**Provided data**
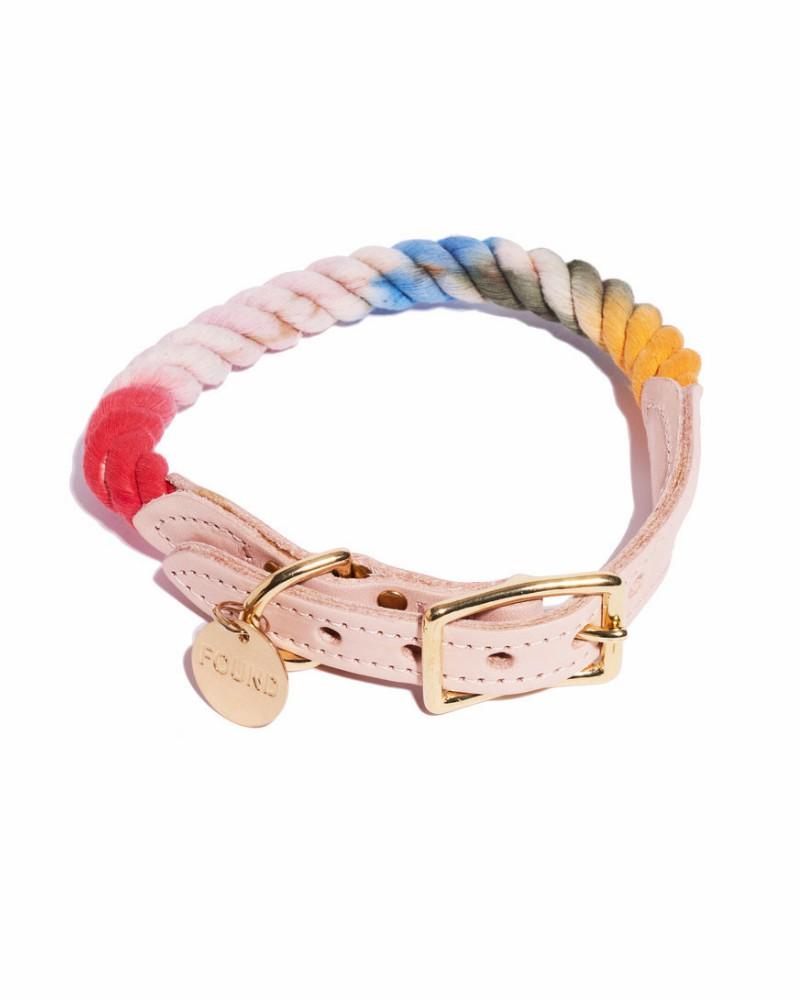 Collars |   Rope Collar In Henri Ombre (Made In The Usa) Collars Collars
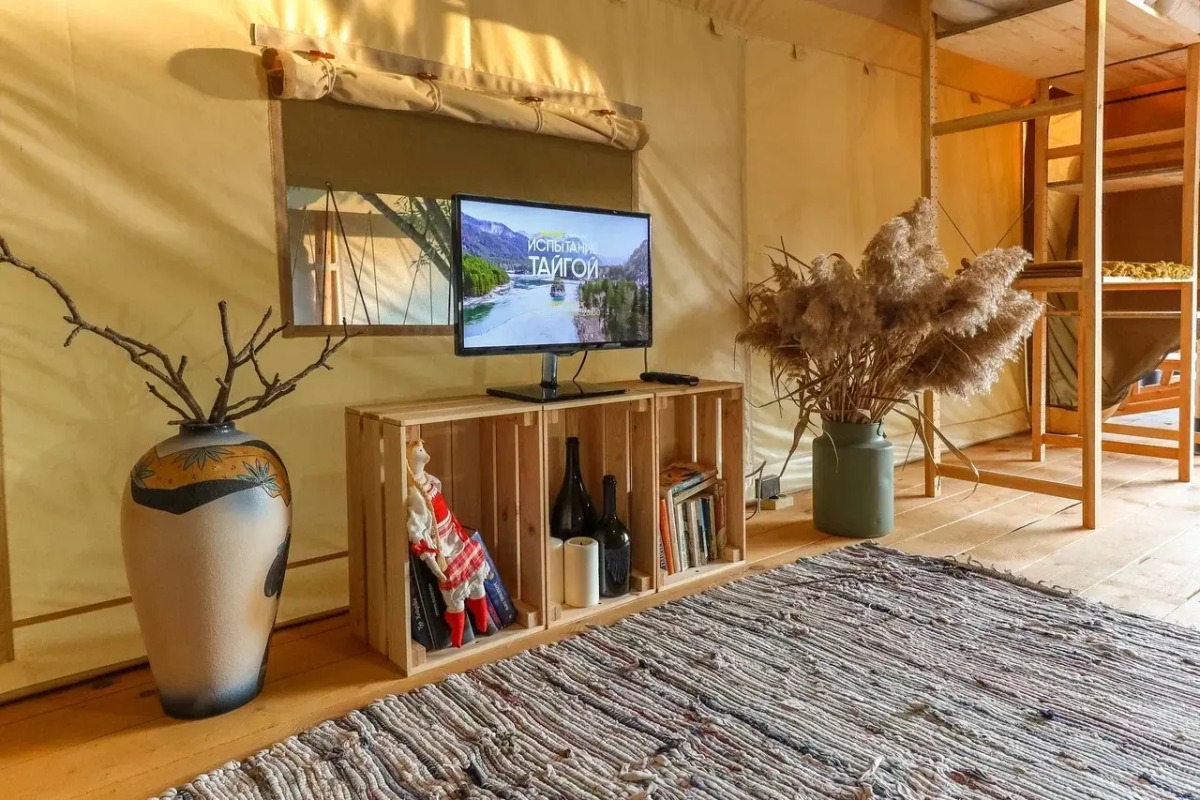 Глэмпинг Гости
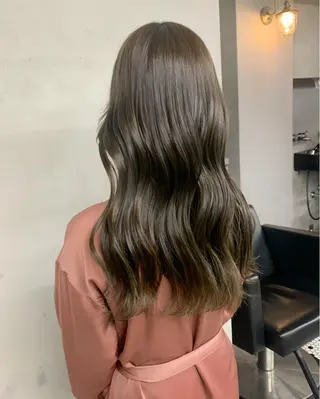 ロング カラー レイヤー/透明感 カラー🌿KANTAのヘアスタイル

**The problem**
Reprint the listing above exactly, without images.

**Solution below**
 Collars |   Rope Collar In Henri Ombre (Made In The Usa) Collars Collars
 Глэмпинг Гости
 ロング カラー レイヤー/透明感 カラー🌿KANTAのヘアスタイル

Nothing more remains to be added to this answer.